In Fuga Da Questo Paese
Che Non Sa Rispettare
Il Dolore Di Due
Genitori
Carissimo Serra,
perdere il proprio figlio unigenito, bello e buono, a 35
Anni, in piena e
promettente carriera, alla vigilia delle nozze e al termine
Di una malattia breve e
oscena, è un’esperienza che ti segna il cuore
E la mente per il resto della vita. Elaborare questo lutto è
difficilissimo. Io sono stato aiutato dal mio lavoro, mia moglie neppure
quello, ma, passati ormai cinque anni, aveva trovato un suo equilibrio. A
turbarlo è giunta, inesorabile, una cartella dell’Agenzia delle entrate per la
mancata denuncia di successione.
Ci eravamo effettivamente dimenticati che nostro figlio era
il nudo proprietario di una casetta di montagna acquistata per lui quando aveva
poco più di vent’anni. Anche uno studente del primo anno di Psicologia potrebbe
spiegare che si è trattato di un meccanismo di rimozione. Sfido chiunque ad
accettare di essere l’erede legittimo del proprio figlio.

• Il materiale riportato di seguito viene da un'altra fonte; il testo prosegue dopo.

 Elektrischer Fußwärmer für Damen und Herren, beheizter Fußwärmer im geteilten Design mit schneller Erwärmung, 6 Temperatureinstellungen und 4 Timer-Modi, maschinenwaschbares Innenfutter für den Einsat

Un Paese che offre uno sconto dell’ottanta per cento ai
gestori delle macchinette del videopoker, venditori di disperazione e di morte
e, contemporaneamente, trova il coraggio di chieder soldi, subito e senza
sconto, a chi sta ancora piangendo un figlio, è un Paese fatto di una materia
ignobile ed innominabile, nel quale non val la pena rimanere. Infatti ci apprestiamo a raggiungere mia
sorella ed i suoi figli e nipoti in Olanda, per vivere in un Paese più giusto e
più civile gli anni che ci restano.
Antonio e Maria
Che posso dirvi? Che
posso aggiungere? La burocrazia non è cattiva. E’ stupida. Stupida rispetto
alla materia umana, che non conosce e sulla quale imprime spesso un marchio
ottuso e crudele, come nel vostro caso. E neppure un “mi dispiace” che ti
arrivi in fondo al buco nero dove sei finito…
Capisco la vostra “fuga
in Olanda”.
Il paragone che fate è
di cocente, odiosa ingiustizia: una piaga sociale devastante (l’azzardo
capillare, nei bar, a ogni angolo di strada) viene sopportata e in buona misura
assistita da poteri pubblici ciechi e sordi, o complici di chi specula sulla
rovina umana; mentre contro di voi, e contro il vostro grande e innocente
dolore, arriva un colpo d’ascia del quale non riuscite a darvi ragione.
Vi abbraccio entrambi,
posso solo condividere la vostra impotenza e, per fortuna, anche lo spirito
citale che vi conduce lontano, a sperare in una seconda vita. Scriveteci da
lassù, se volete, se potete, per raccontare a me e ai lettori se ci manca
almeno qualcosa, di questo nostro inutilmente amato Paese.